Reflecting on 2020

What’s in a year? 366 days, 12 months, or 8784 hours when it came to 2020. I generally know how long a year is, but I take this information for granted sometimes. So what did I do in this time, how did I exist? How did I spend those hours? In thinking of 2020 what comes to mind to define the year? I think of COVID-19, the Black Lives Matter movement, Brexit, climate change. I think of privilege, and things I take for granted.

I remember January and February, still part of 2020 but for me it was in that ‘pre-COVID’ time when life was relatively ‘normal’. Where I had the privilege to go about my day – to the cinema, to get on a plane and visit family, to visit friends (to hug them), to leave the house whenever I wanted. I had the privilege to decide not to do those things, to be too tired to go out. What would I have done in January and February if I had known how the rest of the year would be? What would I have done last year, my whole life, if I realised how precious our time is? What am I doing right now? The privilege of sitting down at a laptop and being able to write, to find the time to reflect.

Time and reflection

The passing of time has been different this year. Without being able to leave the house regularly or meet friends, many of the days passed by in one congealed lump. Days became months. Calendars became useless. Time did not feel linear – April lasted for years, November disappeared. (Seriously, what happened to November? I’m not convinced it existed.) The normal significant events throughout the year that indicate the passing of time did not really happen as they usually do, so reflecting back it is hard to distinguish one day or month from another.


This year has been disorientating without doubt. What does it mean to be disorientated? For me it’s feeling like the ground has shifted, becoming lost in the dark, perhaps losing a sense of who I am or where I am going. But perhaps starting from a place of disorientation can lead us to understand/remind us what it means to be orientated. I think the starting place for becoming orientated is oneself, and identifying where this ‘I’ or ‘self’ is physically located in space. In other words, where am I, and how does this relate to who I am? To figure out where I am, I reach out to the space around me trying to identify familiar objects – walls, floors, tables, feeling the temperature. In reaching out I start to become reorientated with my own body as the person who is reaching out. Once I find my feet (and my footing) I can start to understand where I am, if this is where I want to be, and if not then how I will find my way towards my destination. So one aspect of this disorientating year could be to remind ourselves where we are, who we are, and where we want to be (if not here).

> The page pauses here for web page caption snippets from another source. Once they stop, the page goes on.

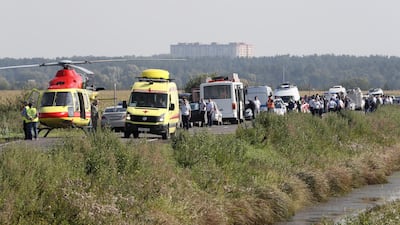 Ambulances on the road near the site of Ural Airlines A-321 passenger plane emergency landing outside Zhukovsky airport in Ramensky district of Moscow region, Russia. A-321 with 226 passengers and seven crew members on board en-route from Moscow to Simferopol made emergency landing after a right engine failure following the plane's colliding with seagulls shortly after take-off. Ten people were hospitalized following the accident. EPA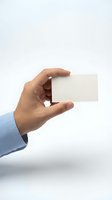 Male hand in blue shirt holding blank white business card on light background, mockup for branding and corporate identity design.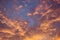 Celestial World concept. Dark orange yellow purple natural bright sunset sky cumulus clouds. Background natural color of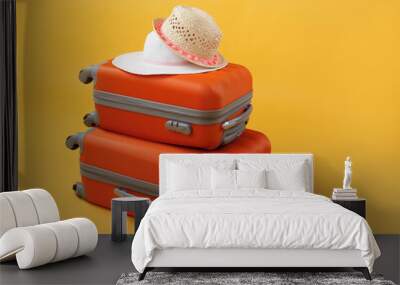 Two lying suitcases of travel bags and straw hats on a yellow background with copy space. The concept of summer time, vacation, tourism. Wall mural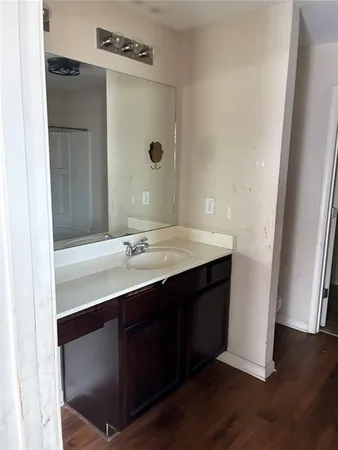 an empty room with wooden floor and entrance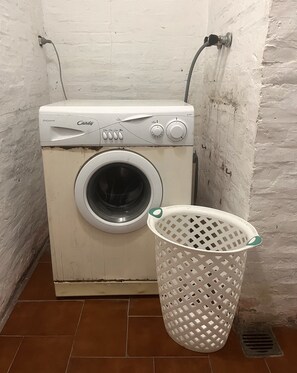 Une machine à laver de la marque Candy, de couleur blanche, avec un tambour à chargement frontal, un panier à linge blanc avec une anse verte et un sol carrelé.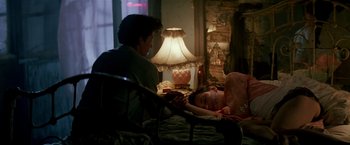 Movie still from “Revenge” (1990), directed by Tony Scott – A young child is laying on a chair with a person sitting next to it; Medium shot, High angle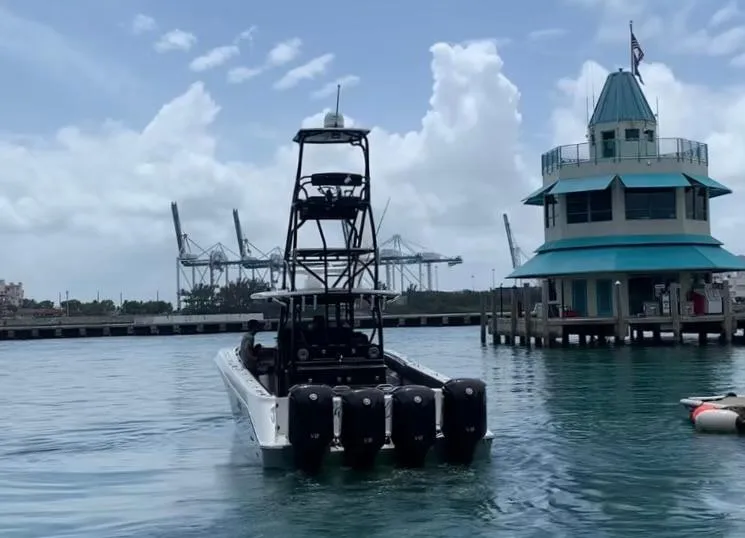 Slide: The Image of 2014 Hydra-Sports Siesta boat with quad engines near a marina and waterfront building. - 11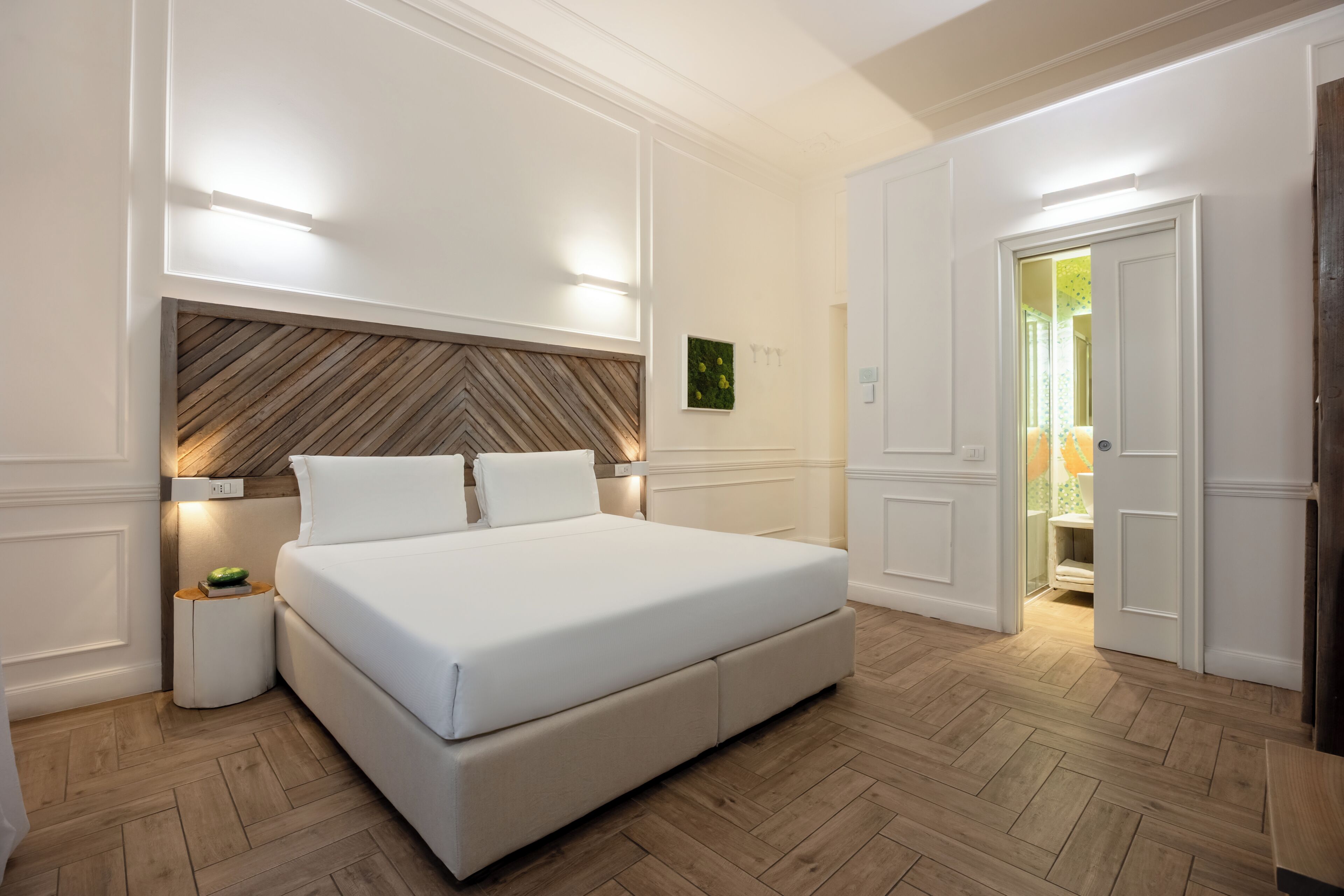 Ein Schlafzimmer mit einem großen Bett, einem Holzkopfende, Nachttischlampen und einem Parkettboden mit Fischgrätmuster.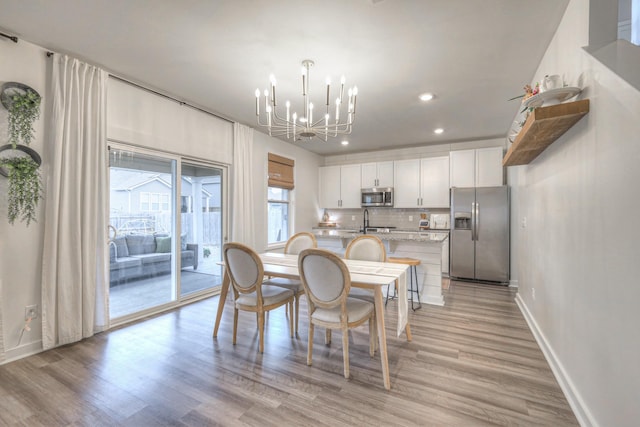 dining room featuring sink, a notable chandelier, and light hardwood / wood-style flooring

The privilege of being able to reflect on a disorientating year may be an opportunity for reorientation. But that’s not to dismiss the confusion and distress of the disorientation itself. There were incalculable losses in 2020, not just of people dying from the virus, but losses of work, of jobs, of time, of places to live, of identities, of sanity, of significant life events (marriages, births, funerals, beginning or ending university, school or college). How do we process this grief? What does it mean to ‘process’ grief? Is it a thing to be gotten ‘over’, or ‘past’? Sometimes loss can take up the whole of our being. Sometimes it can change us permanently in ways we can’t predict. Sometimes everything seems fine, until it isn’t.

Moving and connection

Movement is important, ‘moving forward’ and ‘moving on’, or simply moving. The word emotion is tangled up with motion, with movement. How do we move forward when we’re feeling stuck, or when we are literally stuck indoors? I don’t know. I think it really depends on who you are, where you are, and where you want to go. What’s helped me has been engaging in physical movement through daily walks or yoga. But just as important has been staying connected to friends and family, even if that is via video or phone calls. We are social beings and need that connection with others. If you’re feeling isolated or stuck that’s when counselling might be useful, to explore those things together with someone. As we move through January of a new year it doesn’t look like the pandemic will be over anytime soon, and we must each find our way forward together in this new way of being.

(* I was particularly inspired to write this article by Sara Ahmed’s book Queer Phenomenology, details below, in which she talks about orientation and disorientation.)

Ahmed, S. (2006). Queer phenomenology: Orientations, objects, others. Duke University Press.